San Franciscans have six more weeks before they're required to toss their food scraps into green composting bins or face a fine - but apparently all the trash talk coming out of City Hall is already having an effect.

Just a few months ago, the city Department of the Environment was doling out five to 10 green composting bins a day; now that number is up to 130. The amount of composted material coming out of San Francisco is up 15 percent over the past few months - now totaling 480 tons every day.

"There's a real sense of urgency now," said Jared Blumenfeld, director of the Environment Department. "We never heard from these folks and, suddenly, they're saying, 'How do you do it?' "

Each day, Blumenfeld's department sends five or six people schooled in composting to apartment buildings, homes and businesses to show people how to get started - and to help them find the space for another bin in this tightly packed city. In some particularly crowded neighborhoods like Chinatown, homeowners are already banding together to share a bin.

And eco-conscious tenants who were frustrated that their landlords didn't have composting bins on-site are now pointing to the law and getting their way, Blumenfeld said.
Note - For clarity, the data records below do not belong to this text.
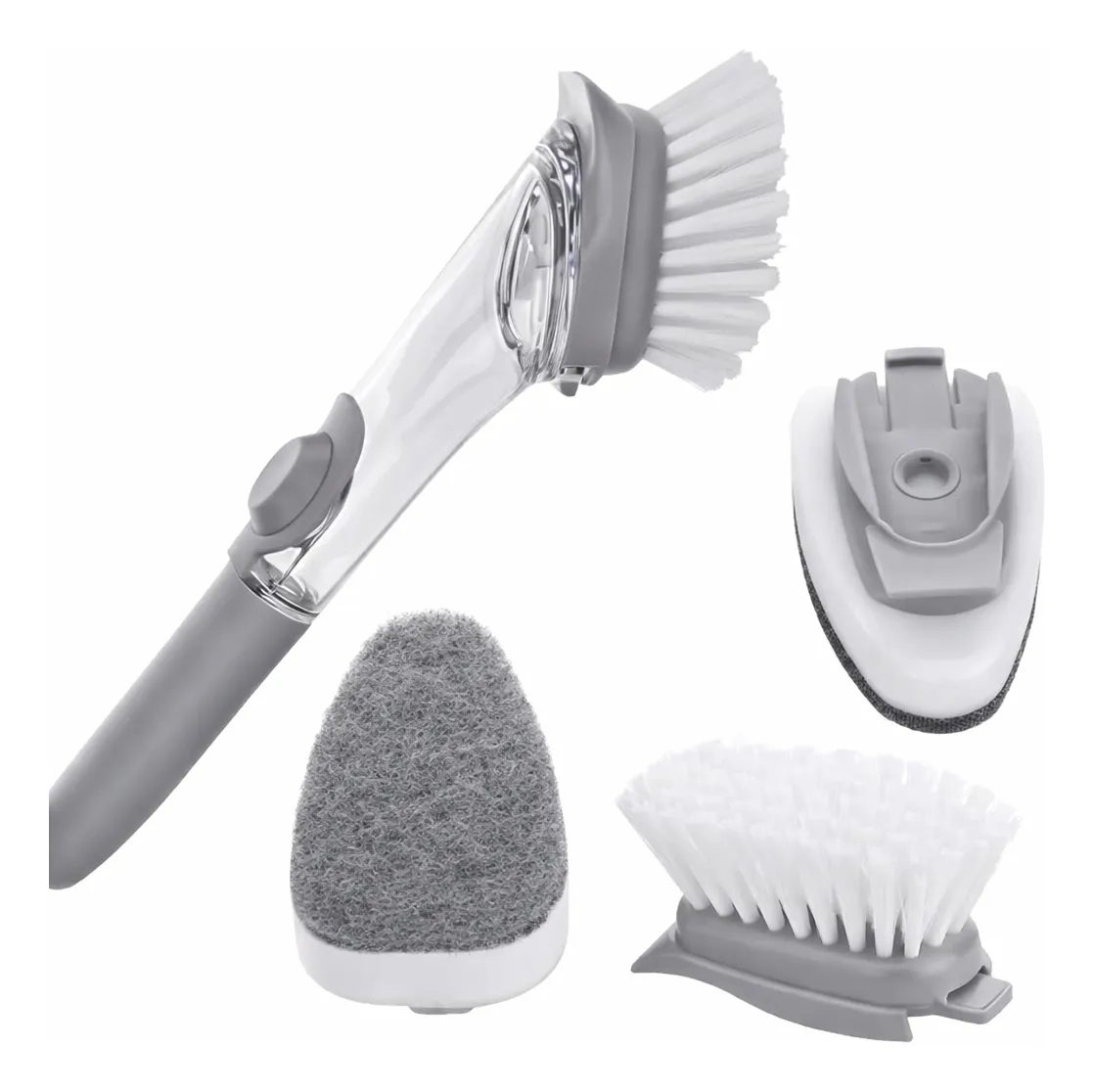 Escova Dispenser 2 em 1 Flex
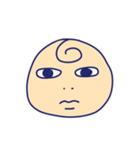 妖怪赤ん坊 （頭 かしら）（個別スタンプ：23）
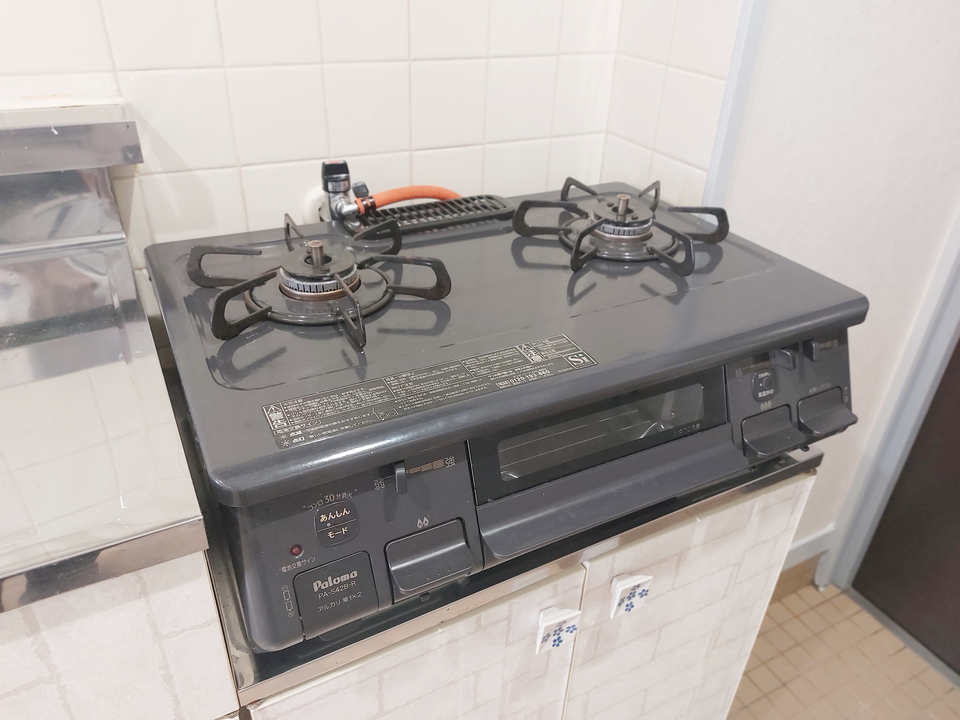 ガスコンロ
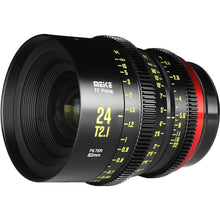 Jogo de lentes Meike FF Prime Cine T2.1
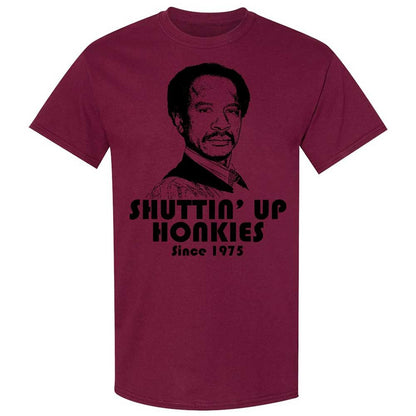 Classic Unisex T-Shirt - L3J5THFJ - Maroon - 21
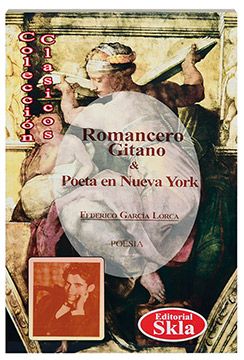 portada Romancero Gitano y Poeta en Nueva York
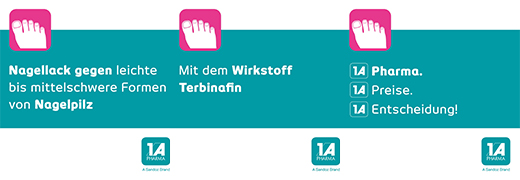 TERBINAFIN-1A Pharma Nagell.g.Gljivice na noktima 78,22mg/ml, 6,6 ml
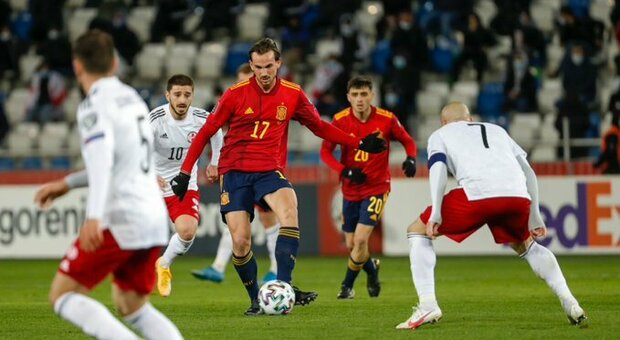Fabian Ruiz vince con la Spagna: l'Albania di Hysaj ko con l'Inghilterra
"It's definitely achieving the intended results - people want to make sure they're in compliance," he said of the legislation proposed by Mayor Gavin Newsom and passed by the Board of Supervisors in June.

Starting Oct. 21, every home and business in the city must have three separate color-coded bins for waste: black for trash, blue for recycling - and now green for composting. Failure to sort trash initially will result in several warnings, but ultimately could lead to fines of up to $1,000 in egregious cases.